As will be appreciated from the above, embodiments of the inventive concepts disclosed herein may be directed to a system (e.g., an aircraft system) and a method configured to display at least one air traffic indicator.

As used throughout and as would be appreciated by those skilled in the art, “at least one non-transitory computer-readable medium” may refer to as at least one non-transitory computer-readable medium (e.g., at least one computer-readable medium implemented as hardware; e.g., at least one non-transitory processor-readable medium, at least one memory (e.g., at least one nonvolatile memory, at least one volatile memory, or a combination thereof; e.g., at least one random-access memory, at least one flash memory, at least one read-only memory (ROM) (e.g., at least one electrically erasable programmable read-only memory (EEPROM)), at least one on-processor memory (e.g., at least one on-processor cache, at least one on-processor buffer, at least one on-processor flash memory, at least one on-processor EEPROM, or a combination thereof), or a combination thereof), at least one storage device (e.g., at least one hard-disk drive, at least one tape drive, at least one solid-state drive, at least one flash drive, at least one readable and/or writable disk of at least one optical drive configured to read from and/or write to the at least one readable and/or writable disk, or a combination thereof), or a combination thereof).

As used throughout, “at least one” means one or a plurality of; for example, “at least one” may comprise one, two, three, . . . , one hundred, or more. Similarly, as used throughout, “one or more” means one or a plurality of; for example, “one or more” may comprise one, two, three, . . . , one hundred, or more. Further, as used throughout, “zero or more” means zero, one, or a plurality of; for example, “zero or more” may comprise zero, one, two, three, . . . , one hundred, or more.

In the present disclosure, the methods, operations, and/or functionality disclosed may be implemented as sets of instructions or software readable by a device. Further, it is understood that the specific order or hierarchy of steps in the methods, operations, and/or functionality disclosed are examples of exemplary approaches. Based upon design preferences, it is understood that the specific order or hierarchy of steps in the methods, operations, and/or functionality can be rearranged while remaining within the scope of the inventive concepts disclosed herein. The accompanying claims may present elements of the various steps in a sample order, and are not necessarily meant to be limited to the specific order or hierarchy presented.

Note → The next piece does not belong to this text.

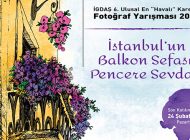 İstanbul’un ‘En Havalı’ Balkon ve Pencereleri Başvurular Sürüyor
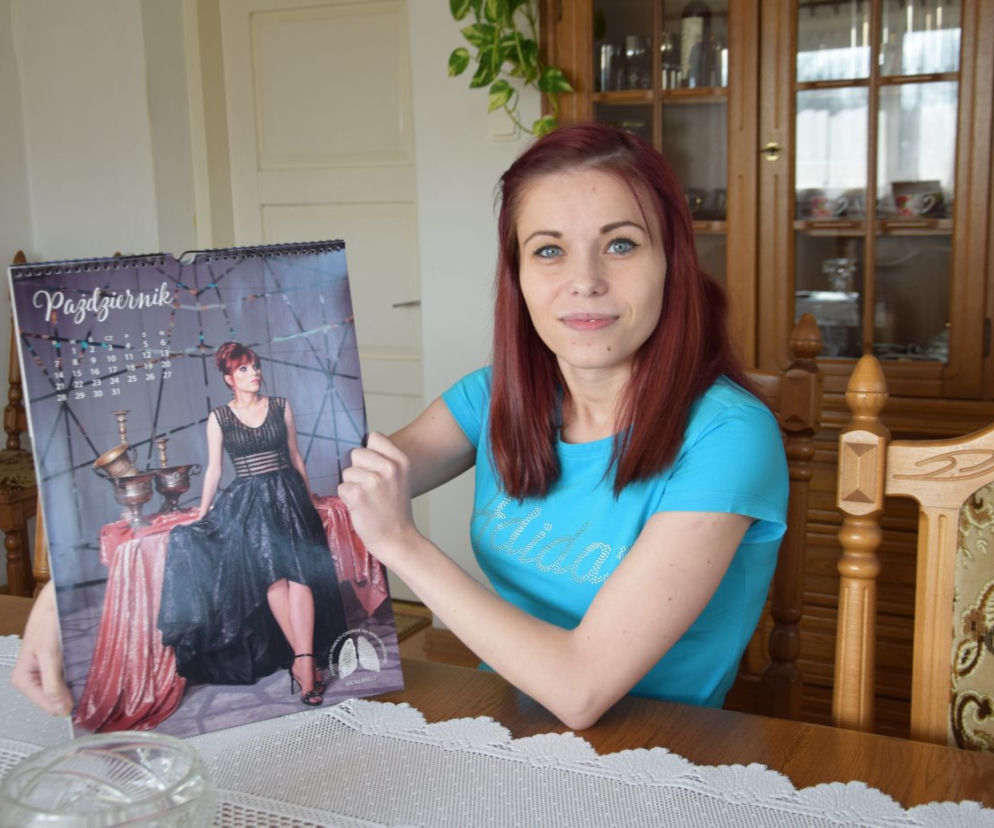 „Marzę, by zatańczyć na weselu brata”. Jadzia walczy z nieuleczalną chorobą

It is to be understood that embodiments of the methods according to the inventive concepts disclosed herein may include one or more of the steps described herein. Further, such steps may be carried out in any desired order and two or more of the steps may be carried out simultaneously with one another. Two or more of the steps disclosed herein may be combined in a single step, and in some embodiments, one or more of the steps may be carried out as two or more sub-steps. Further, other steps or sub-steps may be carried in addition to, or as substitutes to one or more of the steps disclosed herein.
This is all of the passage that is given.